_Problem_
Respond with exact copies of the lines running from the line that contains "this 976×549 image." to the end of the material.

☆ ☆ ☆ ☆ ☆ ☆ ☆

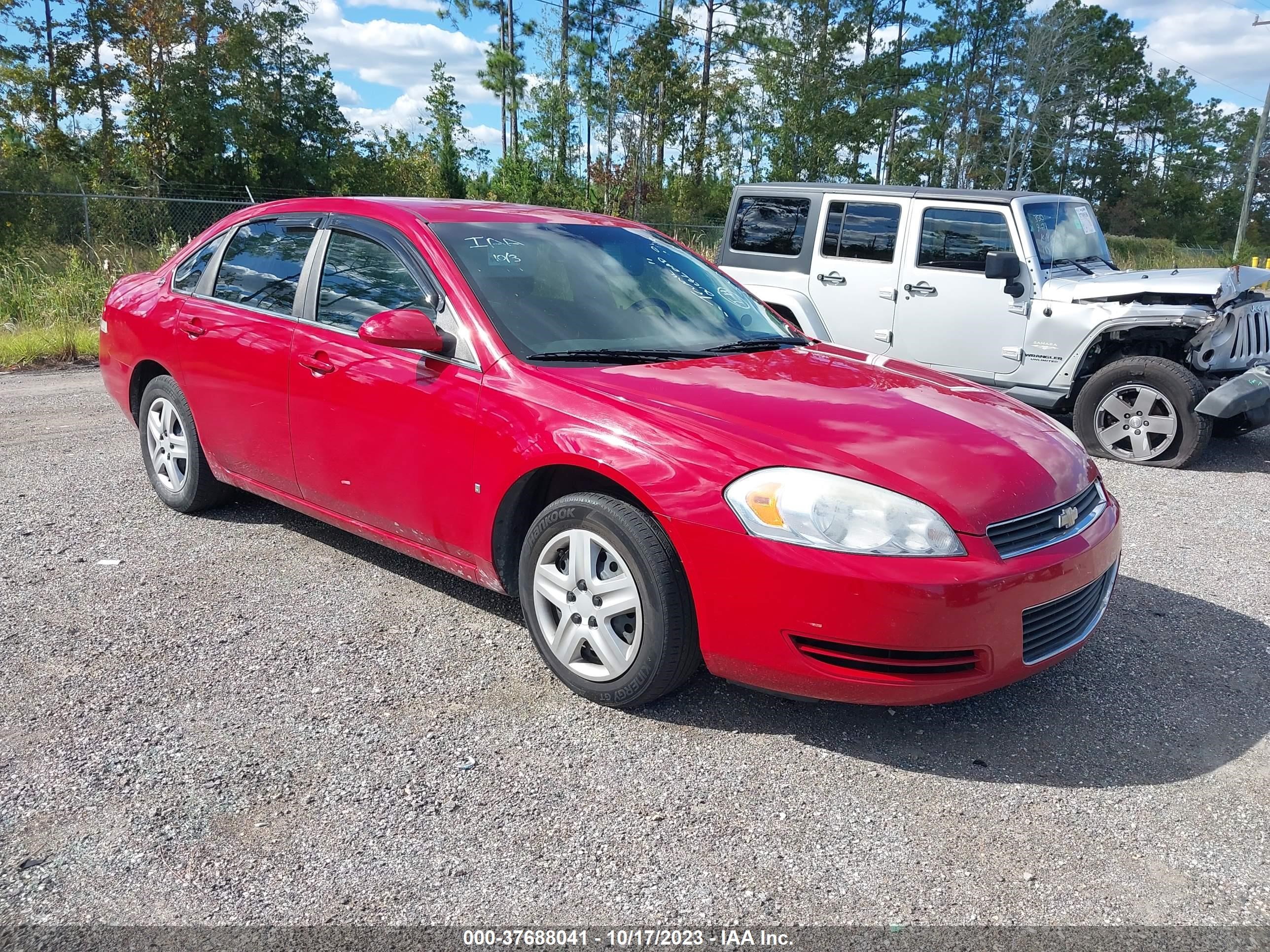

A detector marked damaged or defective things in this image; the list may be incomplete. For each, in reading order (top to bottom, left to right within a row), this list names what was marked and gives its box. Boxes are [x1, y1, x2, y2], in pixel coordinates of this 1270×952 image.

crumpled hood [1041, 266, 1270, 307]
crumpled hood [551, 347, 1097, 538]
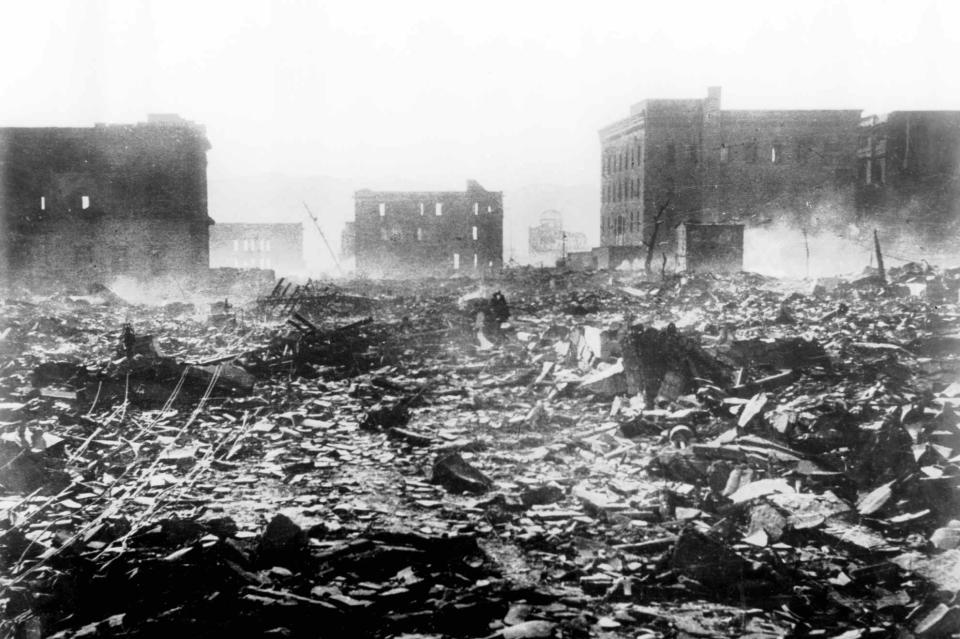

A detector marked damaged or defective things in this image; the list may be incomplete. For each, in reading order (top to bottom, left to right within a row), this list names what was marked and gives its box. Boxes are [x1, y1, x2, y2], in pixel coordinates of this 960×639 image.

damaged facade [0, 114, 210, 286]
damaged facade [210, 222, 304, 276]
damaged facade [352, 181, 502, 278]
damaged facade [596, 86, 860, 258]
damaged facade [856, 111, 960, 239]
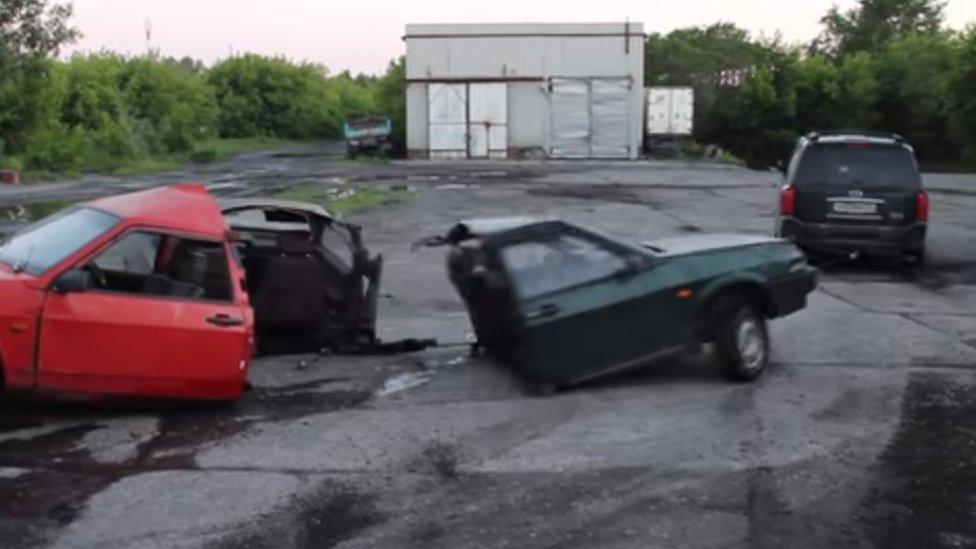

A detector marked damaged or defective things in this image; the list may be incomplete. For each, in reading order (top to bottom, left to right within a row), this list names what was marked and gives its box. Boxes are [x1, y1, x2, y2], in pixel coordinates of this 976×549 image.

wrecked red car body [0, 182, 255, 400]
cracked asphalt [1, 142, 976, 548]
wrecked green car body [442, 218, 816, 386]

☆ ☆ ☆ ☆ ☆ ☆ ☆

_Result below_
A detector marked damaged or defective things in this image; the list may be incomplete. For each, in reading order (top to bottom, left to right within a row), this list names what was marked and gives its box. Boxes are [x1, y1, x2, y2], in pixel coordinates of this 976×549 image.

wrecked red car body [0, 182, 255, 400]
cracked asphalt [1, 142, 976, 548]
wrecked green car body [442, 218, 816, 386]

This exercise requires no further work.